The regime allows Brazilian industries to import raw materials, components, and equipment without paying any import tax. The production is exported with a tax of only 1% on the added value. The new Law 6.090 expanded the incentives with zero VAT for internal production. The result is a production chain that operates with costs that Brazil cannot match without a tax reform that reduces the burden on the industry.

What Paraguay has that Brazil does not offer

Besides taxes and energy, Paraguay offers structural advantages that attract Brazilian industries. The average age of the population is 29 years, with 70% of Paraguayans under 40 years old, compared to a Brazilian demographic that is already negative, with 1.6 children per woman. This means a young and abundant workforce in productive age.

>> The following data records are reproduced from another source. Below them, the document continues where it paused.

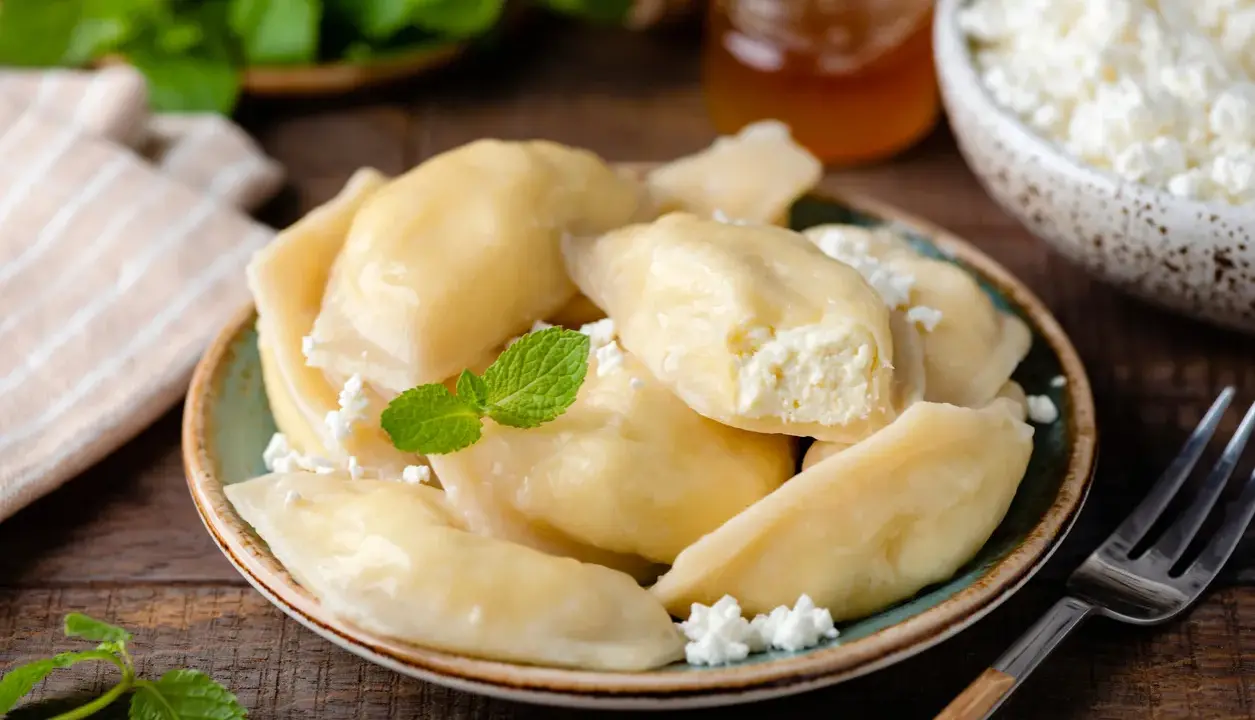 Talerz pełen pysznych, domowych pierogów z serem, udekorowany miętą. Obok miseczka z twarogiem i słoiczek miodu.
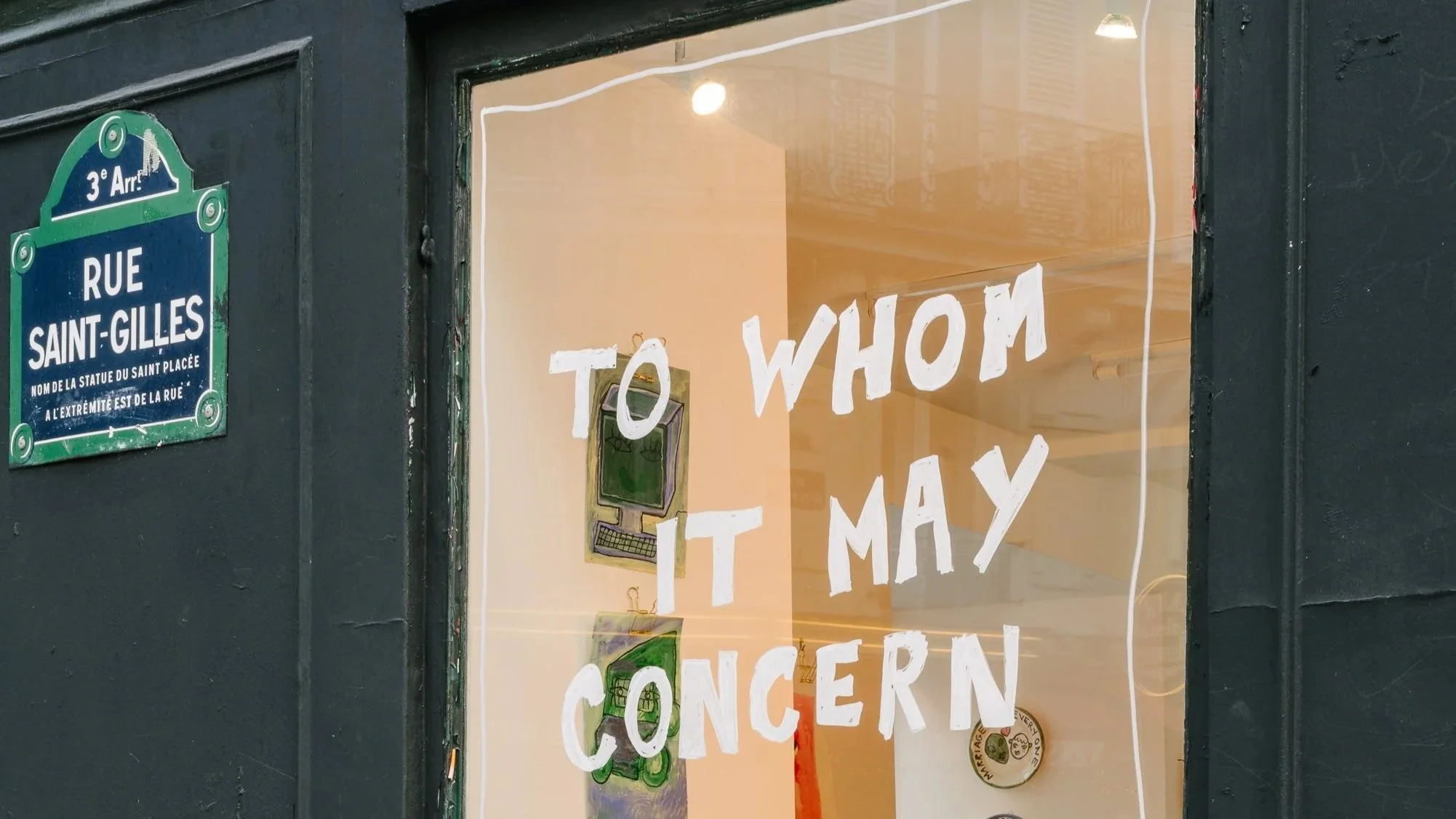 Storefront window with painted text reading "To Whom It May Concern" and a small drawing of a green computer. A street sign indicates the location as Rue Saint-Gilles in the 3rd arrondissement.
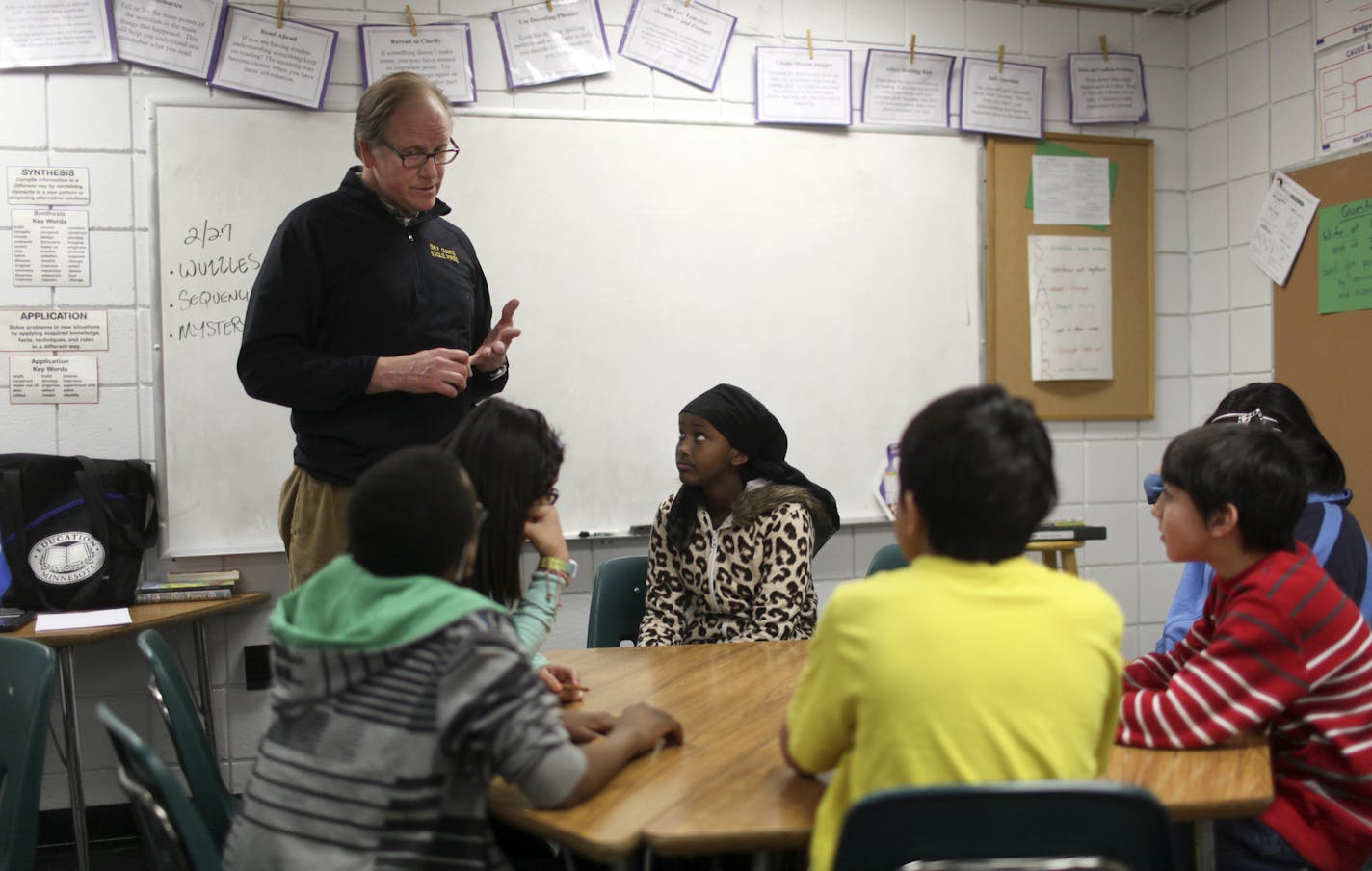 Co-fifth grade math teacher and math interventionist Paul Berge worked with a group of fifth grade students in his class using iPads and an app called Socrative to test students and get immediate feedback on how they are doingWednesday, Feb. 27, 2013, in Burnsville, MN.] (DAVID JOLES/STARTRIBUNE) djoles@startribune.com There is too much racial diversity at Sky Oaks Elementary in Burnsville and the school district has to come up with a plan to change the concentration of non-white students at the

The Minister of Industry and Commerce, Marco Riquelme, 39 years old and from the private sector, stated in a meeting with Brazilian entrepreneurs that “in Paraguay, the government is a friend of the entrepreneur and encourages making money.” The phrase reflects a philosophy opposite to the Brazilian one, where the relationship between the state and the productive sector is often marked by distrust, bureaucracy, and punitive taxation. Paraguay’s geographical position as a central hub between Brazil, Argentina, Bolivia, and Uruguay, combined with the future bioceanic highway that will connect the country to Chile and the Pacific, adds a growing logistical advantage.

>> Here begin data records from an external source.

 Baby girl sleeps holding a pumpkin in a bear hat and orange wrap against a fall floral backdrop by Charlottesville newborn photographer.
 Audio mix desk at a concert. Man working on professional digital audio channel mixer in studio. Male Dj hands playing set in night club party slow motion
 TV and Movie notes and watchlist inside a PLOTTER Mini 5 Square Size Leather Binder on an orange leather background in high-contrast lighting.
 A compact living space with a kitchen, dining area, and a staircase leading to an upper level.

What happens with Brazil that falls behind

The departure of Brazilian industries to Paraguay is not just a loss of production: it is a loss of jobs, revenue, and competitiveness. Each factory that opens in Ciudad del Este instead of expanding operations in São Paulo, Minas Gerais, or Santa Catarina is an investment that Brazil lost not due to lack of market or workforce, but due to excessive taxes, expensive energy, and paralyzing bureaucracy.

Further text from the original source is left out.